Bodenstein no estaba de humor para otra fiesta familiar, pero dado que esta se celebraría en casa y el círculo sería reducido, se avino a ello y se prestó a ejercer de sumiller. Lorenz cumplía veinticinco años. La noche anterior lo había estado festejando hasta la madrugada con su nutrida pandilla de amigos en una discoteca a cuyo dueño conocía de su época de DJ, y el domingo quería celebrar su cuarto de siglo con la familia en un ambiente más tranquilo. La madre de Cosima —que se había desplazado desde Bad Homburg—, los padres de Bodenstein y Quentin con sus tres hijas —MarieLouise no había podido ausentarse del restaurante—, así como la madre de Thordis, la novia de Lorenz, la veterinaria Inka Hansen, completaban el grupo que se había reunido en torno a la mesa del comedor, decorada únicamente en tonos blancos y con exquisitos motivos otoñales. El maître St. Clair le había dado el día libre a su mejor empleada, de manera que Rosalie, con las mejillas rojas y al borde de un ataque de nervios, llevaba desde primera hora de la mañana encerrada en la cocina, que había declarado zona prohibida. El resultado fue fantástico. Al foie dorado con crema de almendras y limón siguió una espuma de berros con crustáceos marinados y huevo de codorniz. Y en el plato principal, Rosalie se superó a sí misma: el solomillo de corzo con guisantes, canelones crujientes rellenos y puré de zanahorias y jengibre no le habría salido mejor ni a su jefe. Los comensales tributaron un aplauso entusiasta a la cocinera y Bodenstein le dio un abrazo a su primogénita, completamente agotada a consecuencia del trabajo y la carga de la responsabilidad.

—Creo que nos quedamos contigo —bromeó, y le estampó un beso en la coronilla—. Ha sido estupendo, de veras, cariño.

—Gracias, papá —repuso ella débilmente—. Ahora necesito un aguardiente.

—Lo tendrás, para celebrar el día —sonrió su padre—. ¿Quién más quiere un…?

—Nosotros preferiríamos otra botella de champán —terció Lorenz, al tiempo que guiñaba un ojo a su hermana, que probablemente recordara algo que habían acordado y desapareció de nuevo en la cocina a la velocidad del rayo, seguida de Lorenz y Thordis.

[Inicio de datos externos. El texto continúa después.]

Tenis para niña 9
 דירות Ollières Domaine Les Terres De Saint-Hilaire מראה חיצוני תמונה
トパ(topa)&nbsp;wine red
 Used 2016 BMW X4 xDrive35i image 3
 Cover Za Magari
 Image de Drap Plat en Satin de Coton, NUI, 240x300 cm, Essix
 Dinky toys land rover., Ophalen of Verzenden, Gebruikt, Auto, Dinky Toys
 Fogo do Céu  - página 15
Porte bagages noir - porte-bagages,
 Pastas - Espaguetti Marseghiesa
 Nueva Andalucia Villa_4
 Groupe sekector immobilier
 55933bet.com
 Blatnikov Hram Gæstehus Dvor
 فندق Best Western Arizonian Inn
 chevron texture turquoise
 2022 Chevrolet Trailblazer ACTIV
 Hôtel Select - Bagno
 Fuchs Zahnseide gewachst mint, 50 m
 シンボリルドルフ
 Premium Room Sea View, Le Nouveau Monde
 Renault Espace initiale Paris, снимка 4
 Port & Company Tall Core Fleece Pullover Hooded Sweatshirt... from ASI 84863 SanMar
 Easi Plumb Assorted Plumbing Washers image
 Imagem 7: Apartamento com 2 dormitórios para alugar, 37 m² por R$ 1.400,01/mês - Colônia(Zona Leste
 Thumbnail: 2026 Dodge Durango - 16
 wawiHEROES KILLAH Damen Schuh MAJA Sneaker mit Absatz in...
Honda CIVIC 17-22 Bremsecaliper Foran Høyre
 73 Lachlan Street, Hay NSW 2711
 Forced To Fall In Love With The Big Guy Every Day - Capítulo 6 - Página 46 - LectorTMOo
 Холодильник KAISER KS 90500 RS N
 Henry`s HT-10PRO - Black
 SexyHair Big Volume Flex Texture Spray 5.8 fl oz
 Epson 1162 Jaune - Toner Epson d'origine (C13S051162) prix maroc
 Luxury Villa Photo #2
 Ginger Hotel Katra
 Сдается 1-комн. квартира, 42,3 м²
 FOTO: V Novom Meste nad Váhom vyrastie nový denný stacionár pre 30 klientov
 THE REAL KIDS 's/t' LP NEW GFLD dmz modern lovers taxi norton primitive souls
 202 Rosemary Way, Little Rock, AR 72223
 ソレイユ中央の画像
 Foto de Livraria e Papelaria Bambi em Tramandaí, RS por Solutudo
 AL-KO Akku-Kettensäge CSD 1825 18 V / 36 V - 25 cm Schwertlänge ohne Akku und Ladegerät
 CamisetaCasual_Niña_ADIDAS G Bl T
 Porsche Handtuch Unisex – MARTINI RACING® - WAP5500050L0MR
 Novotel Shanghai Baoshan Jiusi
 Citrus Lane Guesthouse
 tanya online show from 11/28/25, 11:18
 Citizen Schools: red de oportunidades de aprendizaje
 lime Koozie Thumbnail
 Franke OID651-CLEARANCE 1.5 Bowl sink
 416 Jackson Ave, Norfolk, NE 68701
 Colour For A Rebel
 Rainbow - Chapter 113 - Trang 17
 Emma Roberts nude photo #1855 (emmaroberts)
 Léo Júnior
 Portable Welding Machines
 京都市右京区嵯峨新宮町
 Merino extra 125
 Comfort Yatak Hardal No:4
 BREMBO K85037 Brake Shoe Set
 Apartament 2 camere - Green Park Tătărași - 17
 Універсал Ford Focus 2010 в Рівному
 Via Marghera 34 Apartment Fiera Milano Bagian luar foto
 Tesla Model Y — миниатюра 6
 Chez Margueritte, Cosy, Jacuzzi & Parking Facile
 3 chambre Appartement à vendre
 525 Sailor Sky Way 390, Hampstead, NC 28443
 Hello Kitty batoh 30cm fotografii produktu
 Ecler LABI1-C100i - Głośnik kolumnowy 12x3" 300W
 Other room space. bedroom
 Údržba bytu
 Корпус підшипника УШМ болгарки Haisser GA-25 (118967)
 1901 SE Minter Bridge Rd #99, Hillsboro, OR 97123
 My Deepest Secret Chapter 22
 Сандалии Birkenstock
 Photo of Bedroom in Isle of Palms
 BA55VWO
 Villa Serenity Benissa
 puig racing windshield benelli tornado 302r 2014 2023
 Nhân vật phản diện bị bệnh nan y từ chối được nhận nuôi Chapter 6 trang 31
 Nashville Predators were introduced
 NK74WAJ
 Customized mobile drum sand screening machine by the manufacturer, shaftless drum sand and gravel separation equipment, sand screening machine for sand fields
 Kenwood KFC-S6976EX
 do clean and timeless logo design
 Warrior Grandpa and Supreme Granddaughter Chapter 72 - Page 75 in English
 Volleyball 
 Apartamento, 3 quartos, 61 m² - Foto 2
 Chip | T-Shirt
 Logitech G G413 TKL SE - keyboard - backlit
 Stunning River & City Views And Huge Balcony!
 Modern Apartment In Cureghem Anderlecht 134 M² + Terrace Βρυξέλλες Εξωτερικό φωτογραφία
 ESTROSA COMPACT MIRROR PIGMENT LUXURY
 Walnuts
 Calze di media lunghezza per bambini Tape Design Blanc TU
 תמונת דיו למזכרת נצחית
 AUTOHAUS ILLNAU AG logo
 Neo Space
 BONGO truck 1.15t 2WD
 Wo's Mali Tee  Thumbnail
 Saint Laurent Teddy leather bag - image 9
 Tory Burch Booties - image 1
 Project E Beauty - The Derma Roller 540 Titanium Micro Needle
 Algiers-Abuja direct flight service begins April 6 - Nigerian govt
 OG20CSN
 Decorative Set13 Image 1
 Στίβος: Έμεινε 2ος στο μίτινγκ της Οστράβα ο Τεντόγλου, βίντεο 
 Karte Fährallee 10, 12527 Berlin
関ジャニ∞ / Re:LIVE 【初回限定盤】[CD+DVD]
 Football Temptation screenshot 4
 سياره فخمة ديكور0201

Bodenstein se sentó y miró a Cosima. La había estado observando discretamente toda la mañana. Rosalie los echó de casa sobre las diez, de forma que fueron al Taunus a dar un paseo por el monte Glaskopf aprovechando las bondades del veranillo de San Martín. Cosima se había comportado con normalidad absoluta, exactamente a lo que él estaba acostumbrado, incluso le dio la mano mientras paseaban. Sus sospechas iban perdiendo terreno, y sin embargo no se había atrevido a hablarle del tema.

Rosalie, Lorenz y Thordis volvieron al comedor con una bandeja de copas de champán que repartieron entre los invitados, incluidas las tres sobrinas adolescentes, que soltaron una risita nerviosa. En ausencia de su estricta madre, Quentin hizo la vista gorda.